**YOUR INSTRUCTIONS**. Find every line of the listing below where "Honda" appears, and copy it.

"""

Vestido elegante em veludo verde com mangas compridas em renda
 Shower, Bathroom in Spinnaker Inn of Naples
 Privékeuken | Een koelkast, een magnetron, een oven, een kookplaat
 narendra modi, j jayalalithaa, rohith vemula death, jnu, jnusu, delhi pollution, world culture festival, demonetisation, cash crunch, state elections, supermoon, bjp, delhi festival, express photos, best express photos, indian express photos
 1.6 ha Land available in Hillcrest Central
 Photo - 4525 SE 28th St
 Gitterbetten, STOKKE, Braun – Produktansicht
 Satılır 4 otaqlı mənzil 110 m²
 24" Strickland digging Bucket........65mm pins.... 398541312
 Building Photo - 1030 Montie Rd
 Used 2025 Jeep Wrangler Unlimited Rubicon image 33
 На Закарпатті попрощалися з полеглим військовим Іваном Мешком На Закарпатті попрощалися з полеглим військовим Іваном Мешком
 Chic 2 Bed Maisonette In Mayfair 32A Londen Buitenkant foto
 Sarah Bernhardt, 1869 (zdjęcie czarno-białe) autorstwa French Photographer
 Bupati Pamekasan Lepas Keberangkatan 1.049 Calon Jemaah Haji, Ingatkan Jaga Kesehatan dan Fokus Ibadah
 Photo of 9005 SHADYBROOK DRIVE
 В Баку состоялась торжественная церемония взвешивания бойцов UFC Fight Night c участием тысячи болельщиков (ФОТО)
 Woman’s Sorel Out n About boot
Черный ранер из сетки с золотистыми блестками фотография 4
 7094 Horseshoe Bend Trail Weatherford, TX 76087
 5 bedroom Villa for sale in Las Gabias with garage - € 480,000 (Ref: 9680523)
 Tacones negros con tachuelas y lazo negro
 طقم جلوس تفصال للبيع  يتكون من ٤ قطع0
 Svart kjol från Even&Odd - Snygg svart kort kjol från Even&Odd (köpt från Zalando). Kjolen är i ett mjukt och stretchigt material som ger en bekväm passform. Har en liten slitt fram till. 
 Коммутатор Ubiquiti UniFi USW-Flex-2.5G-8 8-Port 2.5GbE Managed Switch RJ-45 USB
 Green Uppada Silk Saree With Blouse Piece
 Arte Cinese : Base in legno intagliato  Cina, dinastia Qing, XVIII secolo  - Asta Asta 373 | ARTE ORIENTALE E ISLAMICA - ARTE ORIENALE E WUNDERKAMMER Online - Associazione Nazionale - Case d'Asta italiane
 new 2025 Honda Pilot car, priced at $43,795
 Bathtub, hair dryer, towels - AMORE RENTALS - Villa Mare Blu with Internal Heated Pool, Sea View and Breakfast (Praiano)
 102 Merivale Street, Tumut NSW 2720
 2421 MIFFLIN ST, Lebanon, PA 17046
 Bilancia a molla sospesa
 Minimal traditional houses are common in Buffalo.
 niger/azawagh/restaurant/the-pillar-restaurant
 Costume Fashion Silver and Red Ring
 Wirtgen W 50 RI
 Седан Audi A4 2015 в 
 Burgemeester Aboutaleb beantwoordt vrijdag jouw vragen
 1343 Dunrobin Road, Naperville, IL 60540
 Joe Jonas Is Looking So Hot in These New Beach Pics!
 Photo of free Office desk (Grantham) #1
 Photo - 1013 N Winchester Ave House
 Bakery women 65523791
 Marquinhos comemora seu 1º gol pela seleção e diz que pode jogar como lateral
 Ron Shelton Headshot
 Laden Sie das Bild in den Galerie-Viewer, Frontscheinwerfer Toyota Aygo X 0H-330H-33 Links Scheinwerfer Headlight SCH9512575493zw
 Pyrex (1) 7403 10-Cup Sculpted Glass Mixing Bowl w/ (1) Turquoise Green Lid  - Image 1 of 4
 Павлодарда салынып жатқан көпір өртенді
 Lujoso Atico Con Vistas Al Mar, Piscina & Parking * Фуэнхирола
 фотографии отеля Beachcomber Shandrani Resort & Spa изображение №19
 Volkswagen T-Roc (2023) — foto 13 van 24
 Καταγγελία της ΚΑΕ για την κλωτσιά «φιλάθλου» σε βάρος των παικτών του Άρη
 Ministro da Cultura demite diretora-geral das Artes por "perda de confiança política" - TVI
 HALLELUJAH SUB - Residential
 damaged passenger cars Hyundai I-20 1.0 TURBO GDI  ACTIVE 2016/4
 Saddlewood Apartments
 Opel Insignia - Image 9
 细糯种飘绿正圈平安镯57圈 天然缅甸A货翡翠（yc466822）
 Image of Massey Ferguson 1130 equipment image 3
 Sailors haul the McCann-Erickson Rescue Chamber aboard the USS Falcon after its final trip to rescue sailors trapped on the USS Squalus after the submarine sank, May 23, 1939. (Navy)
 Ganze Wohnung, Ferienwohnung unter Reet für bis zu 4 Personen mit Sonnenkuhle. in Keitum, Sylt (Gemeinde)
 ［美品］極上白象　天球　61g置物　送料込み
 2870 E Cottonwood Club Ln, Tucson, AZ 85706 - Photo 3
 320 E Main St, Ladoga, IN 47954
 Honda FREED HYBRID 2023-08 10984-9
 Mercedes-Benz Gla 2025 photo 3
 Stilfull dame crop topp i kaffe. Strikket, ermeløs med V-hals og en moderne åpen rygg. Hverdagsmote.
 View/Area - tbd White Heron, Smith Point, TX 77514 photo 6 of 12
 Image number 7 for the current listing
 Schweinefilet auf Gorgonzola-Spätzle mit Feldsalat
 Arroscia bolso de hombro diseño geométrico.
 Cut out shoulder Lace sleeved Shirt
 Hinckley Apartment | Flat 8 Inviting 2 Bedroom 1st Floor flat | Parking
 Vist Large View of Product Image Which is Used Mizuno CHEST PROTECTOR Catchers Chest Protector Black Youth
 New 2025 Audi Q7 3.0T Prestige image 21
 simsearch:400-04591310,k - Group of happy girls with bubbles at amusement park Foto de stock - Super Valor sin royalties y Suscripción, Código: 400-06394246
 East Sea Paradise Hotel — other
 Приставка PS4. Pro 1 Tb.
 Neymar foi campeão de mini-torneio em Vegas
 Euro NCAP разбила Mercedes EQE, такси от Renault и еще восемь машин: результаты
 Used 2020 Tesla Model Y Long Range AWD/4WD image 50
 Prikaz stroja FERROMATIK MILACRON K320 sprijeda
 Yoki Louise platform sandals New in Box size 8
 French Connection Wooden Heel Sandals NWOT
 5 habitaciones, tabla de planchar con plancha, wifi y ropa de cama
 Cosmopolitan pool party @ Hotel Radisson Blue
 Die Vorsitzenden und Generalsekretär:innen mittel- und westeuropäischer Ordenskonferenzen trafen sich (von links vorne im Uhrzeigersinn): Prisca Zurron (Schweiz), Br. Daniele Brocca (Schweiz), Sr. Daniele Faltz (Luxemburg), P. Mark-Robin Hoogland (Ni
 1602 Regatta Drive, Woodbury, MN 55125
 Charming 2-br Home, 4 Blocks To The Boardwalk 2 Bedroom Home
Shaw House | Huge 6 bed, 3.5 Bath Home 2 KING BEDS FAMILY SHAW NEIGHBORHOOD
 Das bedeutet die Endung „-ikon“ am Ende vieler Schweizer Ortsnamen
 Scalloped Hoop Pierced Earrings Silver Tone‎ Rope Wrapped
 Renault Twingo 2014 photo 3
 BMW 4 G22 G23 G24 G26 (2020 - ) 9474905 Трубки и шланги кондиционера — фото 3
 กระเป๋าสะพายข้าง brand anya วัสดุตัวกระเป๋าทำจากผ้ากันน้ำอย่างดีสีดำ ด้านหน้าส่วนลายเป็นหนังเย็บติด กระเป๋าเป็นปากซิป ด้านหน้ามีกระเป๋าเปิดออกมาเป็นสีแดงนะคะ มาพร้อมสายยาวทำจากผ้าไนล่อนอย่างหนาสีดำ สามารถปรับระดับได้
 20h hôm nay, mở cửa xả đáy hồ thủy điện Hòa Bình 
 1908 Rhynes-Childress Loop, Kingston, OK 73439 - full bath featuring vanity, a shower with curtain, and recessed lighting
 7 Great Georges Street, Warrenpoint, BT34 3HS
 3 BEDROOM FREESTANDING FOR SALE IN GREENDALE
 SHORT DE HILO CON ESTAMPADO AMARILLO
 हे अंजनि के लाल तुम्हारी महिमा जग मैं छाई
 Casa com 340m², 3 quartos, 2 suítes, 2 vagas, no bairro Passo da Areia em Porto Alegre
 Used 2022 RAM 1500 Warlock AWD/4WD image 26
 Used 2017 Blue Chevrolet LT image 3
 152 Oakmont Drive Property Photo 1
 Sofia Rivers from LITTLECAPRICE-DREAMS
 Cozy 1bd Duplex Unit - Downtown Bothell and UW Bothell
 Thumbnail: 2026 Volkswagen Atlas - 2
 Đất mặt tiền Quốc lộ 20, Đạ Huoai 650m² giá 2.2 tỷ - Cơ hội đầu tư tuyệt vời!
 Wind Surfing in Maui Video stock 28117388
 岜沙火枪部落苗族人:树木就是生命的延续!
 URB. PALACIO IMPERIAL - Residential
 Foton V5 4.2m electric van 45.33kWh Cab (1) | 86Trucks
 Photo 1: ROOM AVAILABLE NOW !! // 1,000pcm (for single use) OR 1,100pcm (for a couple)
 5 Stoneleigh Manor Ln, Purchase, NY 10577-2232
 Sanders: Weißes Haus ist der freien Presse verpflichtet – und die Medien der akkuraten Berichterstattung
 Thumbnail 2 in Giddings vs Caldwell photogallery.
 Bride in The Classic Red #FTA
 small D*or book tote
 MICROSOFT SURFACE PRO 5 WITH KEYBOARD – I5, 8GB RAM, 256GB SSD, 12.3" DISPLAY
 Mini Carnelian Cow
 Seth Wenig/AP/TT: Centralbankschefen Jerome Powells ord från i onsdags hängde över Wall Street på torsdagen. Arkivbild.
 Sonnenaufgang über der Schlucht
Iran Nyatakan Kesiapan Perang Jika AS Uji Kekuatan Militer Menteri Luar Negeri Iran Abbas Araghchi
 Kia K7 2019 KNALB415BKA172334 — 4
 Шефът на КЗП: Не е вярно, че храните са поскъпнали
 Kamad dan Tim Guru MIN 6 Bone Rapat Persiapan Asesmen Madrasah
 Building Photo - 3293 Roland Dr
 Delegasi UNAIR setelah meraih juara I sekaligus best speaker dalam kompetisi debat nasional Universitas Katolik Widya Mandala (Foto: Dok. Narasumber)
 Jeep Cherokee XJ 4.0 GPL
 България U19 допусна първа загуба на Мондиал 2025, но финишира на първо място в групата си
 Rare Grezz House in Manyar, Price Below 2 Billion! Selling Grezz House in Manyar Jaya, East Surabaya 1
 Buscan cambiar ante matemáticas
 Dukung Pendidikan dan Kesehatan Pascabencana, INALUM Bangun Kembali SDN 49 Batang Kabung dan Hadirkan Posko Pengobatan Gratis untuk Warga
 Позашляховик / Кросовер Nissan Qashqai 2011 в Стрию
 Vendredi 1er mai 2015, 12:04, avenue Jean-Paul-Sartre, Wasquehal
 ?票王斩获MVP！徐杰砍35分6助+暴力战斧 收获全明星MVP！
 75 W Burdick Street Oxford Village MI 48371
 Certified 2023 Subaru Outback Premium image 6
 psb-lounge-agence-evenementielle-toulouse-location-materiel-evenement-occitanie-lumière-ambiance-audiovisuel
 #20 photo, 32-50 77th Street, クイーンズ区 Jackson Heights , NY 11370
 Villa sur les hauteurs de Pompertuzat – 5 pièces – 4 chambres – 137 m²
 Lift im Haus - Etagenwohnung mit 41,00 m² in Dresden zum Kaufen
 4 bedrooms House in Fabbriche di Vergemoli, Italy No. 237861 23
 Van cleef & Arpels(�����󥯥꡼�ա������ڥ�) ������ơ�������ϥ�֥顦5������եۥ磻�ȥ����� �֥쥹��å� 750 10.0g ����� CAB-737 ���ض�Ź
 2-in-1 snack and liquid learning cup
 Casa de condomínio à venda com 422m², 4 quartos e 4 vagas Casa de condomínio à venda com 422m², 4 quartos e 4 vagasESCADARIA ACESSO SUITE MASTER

"""

**EXPECTED OUTPUT**.
 new 2025 Honda Pilot car, priced at $43,795
 Honda FREED HYBRID 2023-08 10984-9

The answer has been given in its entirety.